Ne zaman gittik, gezdik, gördük : 07 - 08 Agustos & 31 Ekim 2010

Summary: Bodensee is the 3rd biggest lake in Europe and located between 3 countries; Germany, Austria and Switzerland. In summer months, lots of hotels and pensions are full of tourists who want to enjoy fabulous view of the lake, nature and the sunny weather. Especially during school holidays it's nearly impossible to find anywhere for accomodation in the last minute. In German shores; Konstanz, Meersburg, Unteruhldingen, Überlingen, Friedrichshafen and Lindau are highly recommended to visit.                                                                                        
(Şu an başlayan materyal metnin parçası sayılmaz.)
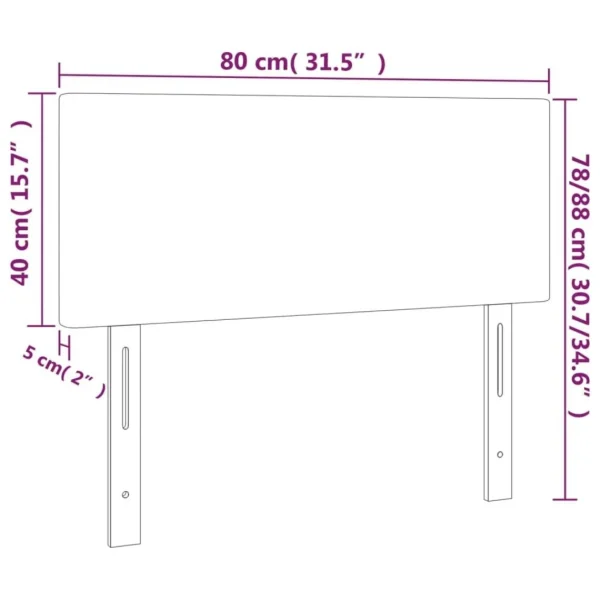 grossiste en ligne VidaXL Tête De Lit à LED Taupe 80x5x78/88 Cm Tissu 6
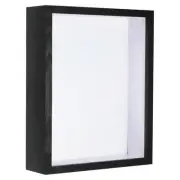 6x8 Shadow Box Frame Wood Dried Flower Display Stand Floating Photo Frame Black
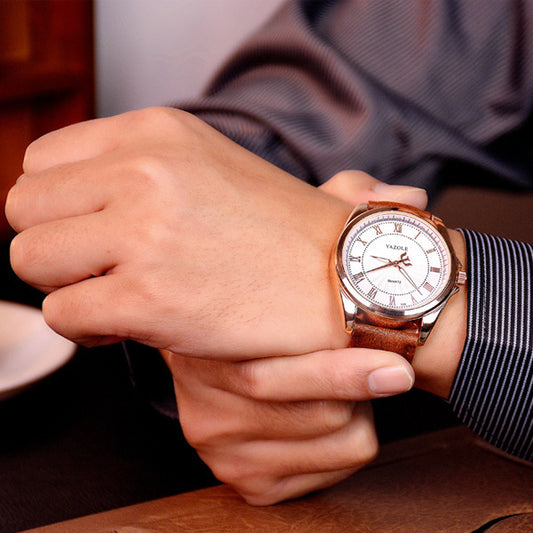 New Men's Watch Simple Watch Cross - Border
Bodensee'yi ilk duyduğumda, büyüklüğünü ve üç ayrı ülkeye sınırı olmasını şaşkınlıkla karşılamış, nasıl bir yer olduğunu bir türlü gözümde canlandıramamıştım. İlk seyahatimizde durduğumuz yerden karşı kıyıları görmeye çalışırken anladım büyüklüğünü. Avrupa'nın 3. büyük gölü olarak Bodensee (Konstanz Gölü) bu kadar uçşuz bucaksızsa, Avrupa'nın en büyük gölü Balaton kim bilir nasıldır, merak ediyorum...Karşısına geçip "Balaton" sen mi büyüksün ben mi desem güler herhalde:)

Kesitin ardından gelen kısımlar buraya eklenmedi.